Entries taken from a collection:
....

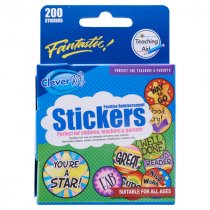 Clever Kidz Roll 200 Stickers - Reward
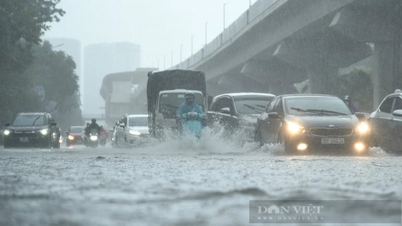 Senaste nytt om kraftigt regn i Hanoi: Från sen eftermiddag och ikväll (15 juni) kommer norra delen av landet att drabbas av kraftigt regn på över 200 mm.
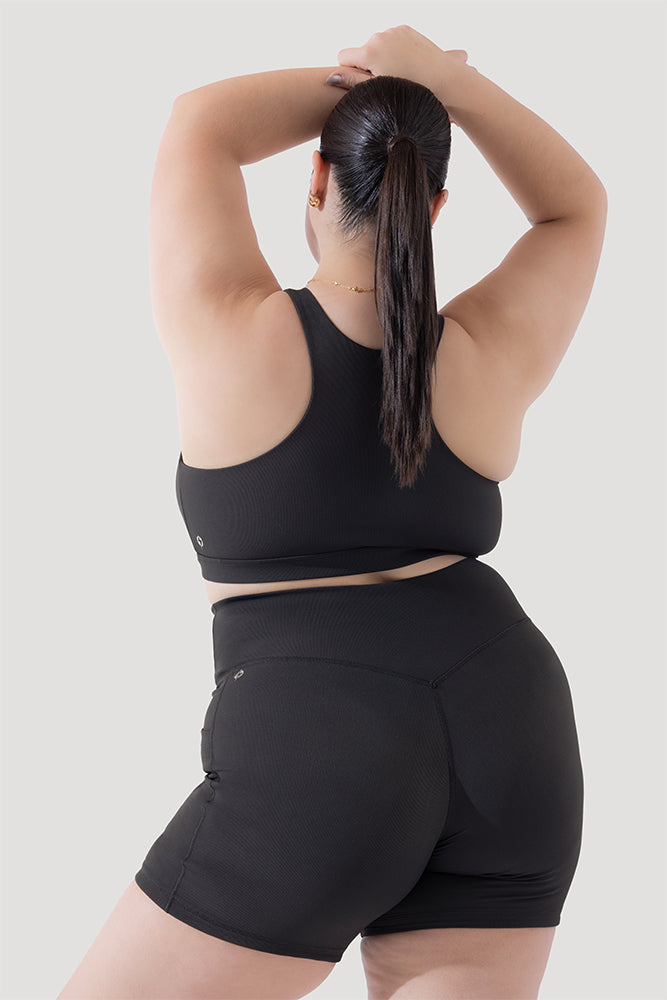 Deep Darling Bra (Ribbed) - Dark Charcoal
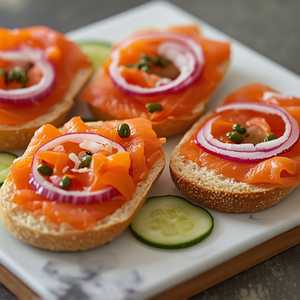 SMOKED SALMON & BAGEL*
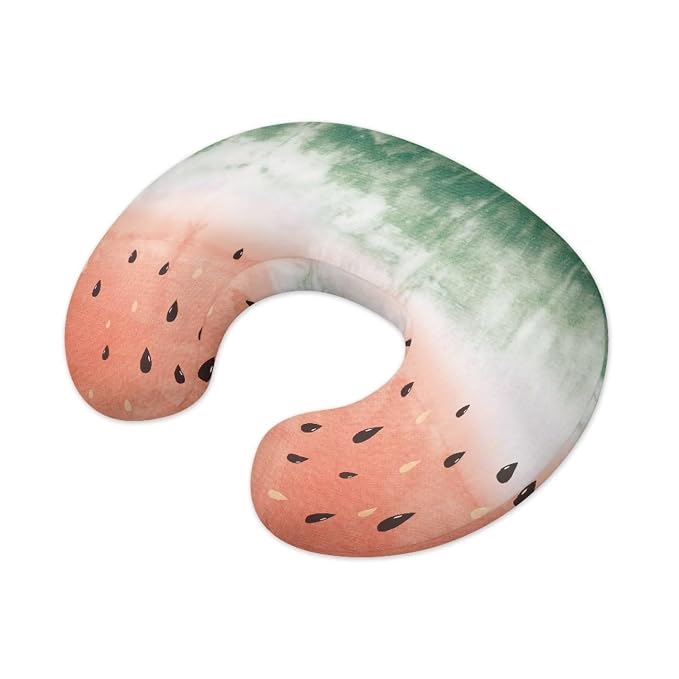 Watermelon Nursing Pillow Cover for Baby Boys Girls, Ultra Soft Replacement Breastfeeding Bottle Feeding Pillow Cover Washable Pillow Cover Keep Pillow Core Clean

....

### REQUIRED ACTION:
Copy each entry exactly as written. Pictures do not belong in the copy.

### TASK OUTPUT:
 Clever Kidz Roll 200 Stickers - Reward
 Senaste nytt om kraftigt regn i Hanoi: Från sen eftermiddag och ikväll (15 juni) kommer norra delen av landet att drabbas av kraftigt regn på över 200 mm.
 Deep Darling Bra (Ribbed) - Dark Charcoal
 SMOKED SALMON & BAGEL*
 Watermelon Nursing Pillow Cover for Baby Boys Girls, Ultra Soft Replacement Breastfeeding Bottle Feeding Pillow Cover Washable Pillow Cover Keep Pillow Core Clean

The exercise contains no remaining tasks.